Женщины культурно двигали челюстями, уничтожали пищу, прислушивались, гадали о каком творчестве речь, неужели рядом известный режиссёр. Кто из двух мужчин режиссёр?

Юрий продолжал:

– Про кишечник веселее было.

– Ха-ха, про кишечник, про тараканов!

Женщины опустили на стол столовые приборы.

– Виктор, но не за столом же!

– Смотря что представить, какие процессы жизнедеятельности. Если про отходы дыхательной системы. Поскольку про углекислый газ, выделяемый при дыхании, никто не ржёт.

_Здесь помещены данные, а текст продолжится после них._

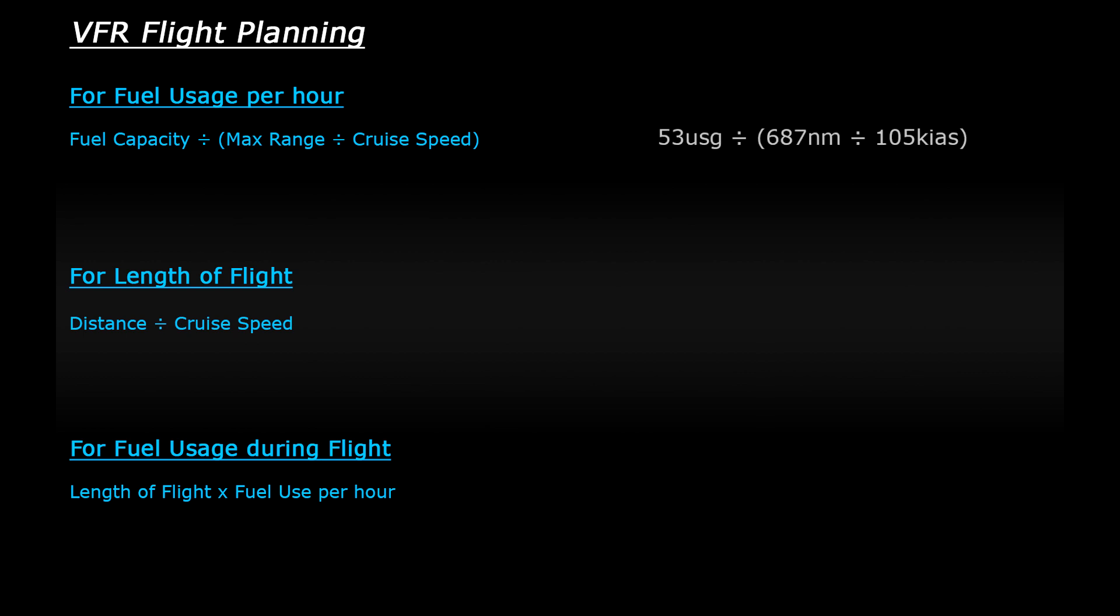So using my A2A Cessna as an example, the capacity is 53 US gallons. And then you divide that by a max range of 687 nautical miles divided by 105 knots indicated airspeed. So 687 divided by 105 gives me 6.54. So 53 divided by 6.54 equals 8.1 US gallons of fuel used per hour. As I said, that's just a rough calculation.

А характеризующие звуки процесс пищеварения, прозвучавшие публично в публичном месте, есть хотя бы один слушатель, это уже смешно.

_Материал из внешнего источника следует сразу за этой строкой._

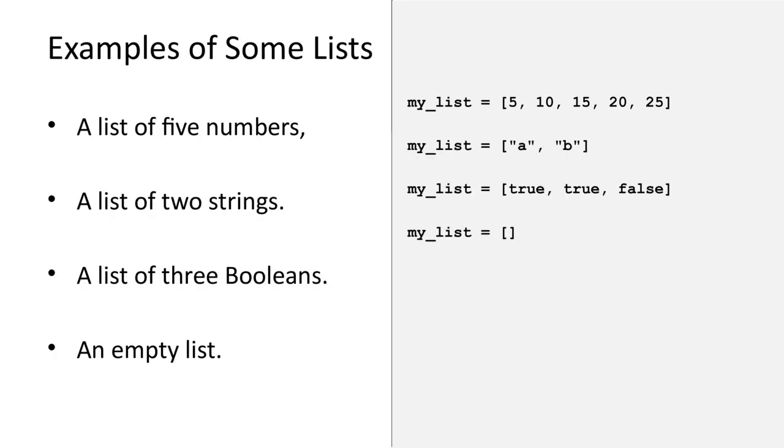Here are four lists. Lists can have different lengths and they can contain different data types. You can also have an empty list.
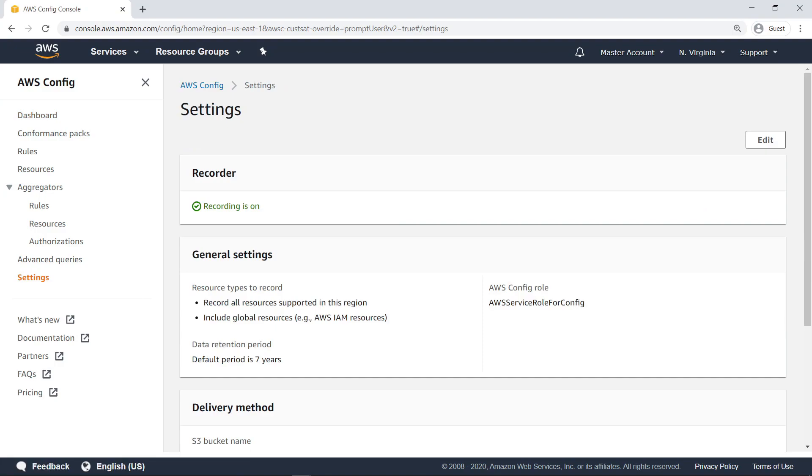In order to deploy a conformance pack to your organization, you must have AWS Config set up in the region to which the conformance pack will be deployed, and recording must be turned on for all accounts that will receive the pack.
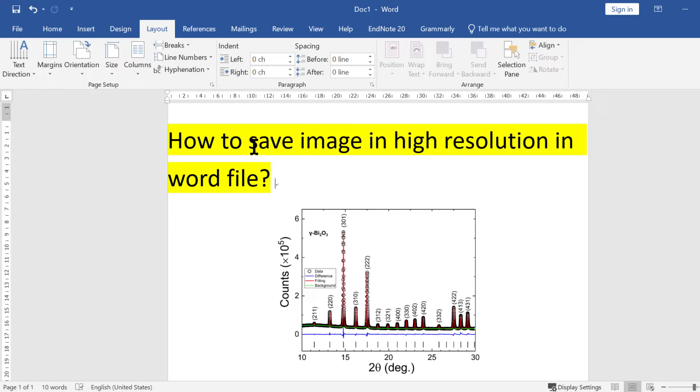In this video, you will see how to save an image in high resolution in a Word file. This is an XRD spectra image of Bi2O3 nanoparticle.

– Да в плане того, что приличный на вид мужчина, писатель и преподаватель уже никакой не герой, а простой примитивный типок, биологический организм или даже животное.

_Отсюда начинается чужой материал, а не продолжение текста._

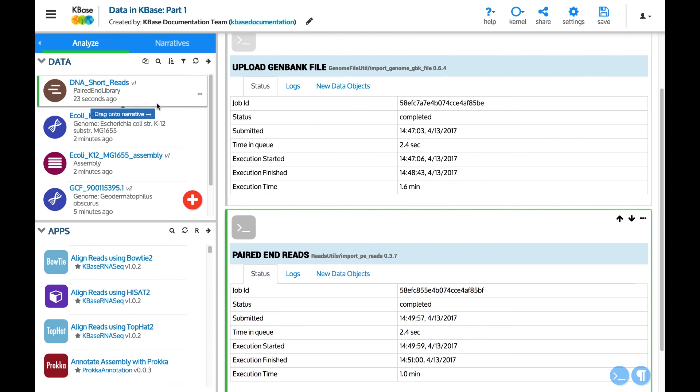You have now seen how to find and load data into your narrative. In the next video, we will go over exploring and managing data in your narratives.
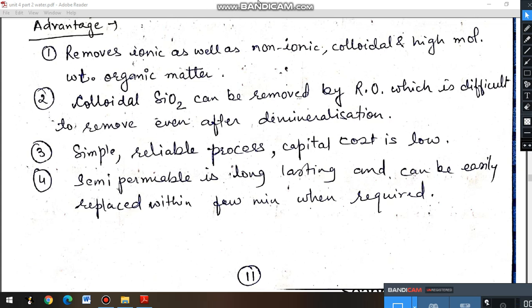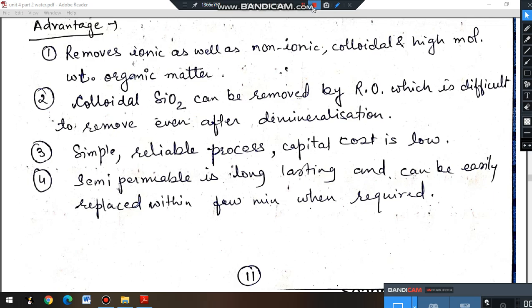In the next lecture, we will discuss the numerical portion of this chapter. There are three types of numericals: calculation of hardness, calculation of the zeolite method (how much zeolite is used and how much volume of water can be softened), and numericals from the lime soda process. Thank you class.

Одна из женщин поднялась и прошагала в уборную, развивая платьем из дорогой ткани.

– Согласен, в современном литературном тексте «горшковое» повествование, описание, диалоги весьма нас веселят, героя они приземляют, опошляют, над его позором мы смеёмся. Есть хотя бы один человек, свидетель позора, а это читатель.

Соседнему столику ясно, что приличные на вид члены творческой элиты никакие не режиссёры, похоже и не писатели, хоть про это говорят, не только про это. «Они хулиганы? О чём беседа в пиццерии?»

– Замечено мной, что «горшковые» включения в художественном тексте наблюдаются через 20—30 см перемотки ленты электронного листа.

Он показал руками размер перемотки, который умещался между правой и левой ладонью. Вернувшаяся из уборной одобрительно взглянула на жест, утёрла салфеткой губы.

– Вот когда я такой встречаю, дальше крутить компьютерный папирус совершенно уже не хочется из гадливости наткнуться на уже сильней реалистичное и подробное описание горшка. Не спорю, то и есть человеческая жизнь, как неотъемлемая часть, но в литературном тексте горшок имеет совершенно иное предназначение.

Соседский столик безмолвно возмущён потерянным аппетитом.

– Кстати, передавай привет Вере!

– Ага. Как у тебя на личном фронте?

– Я тут с одной встречался, с продавцом, она рассказывает, сынок её малышом такой стройненький был, с фигуркой, занимался акробатикой.

«Сынок я вижу тебя на сцене», – она мне, представь, свои диалоги с ребёнком пересказывала, комментировала внешний вид мальчика. И тогда повела его записывать в танцевальную студию. Увидев сцену, сын её родненький вздохнул и вздрогнул: «Мама, я тоже себя на сцене вижу!» И что сказать, сцена это его. Он работает электриком в театре, на танцы же ни разу и не сходил.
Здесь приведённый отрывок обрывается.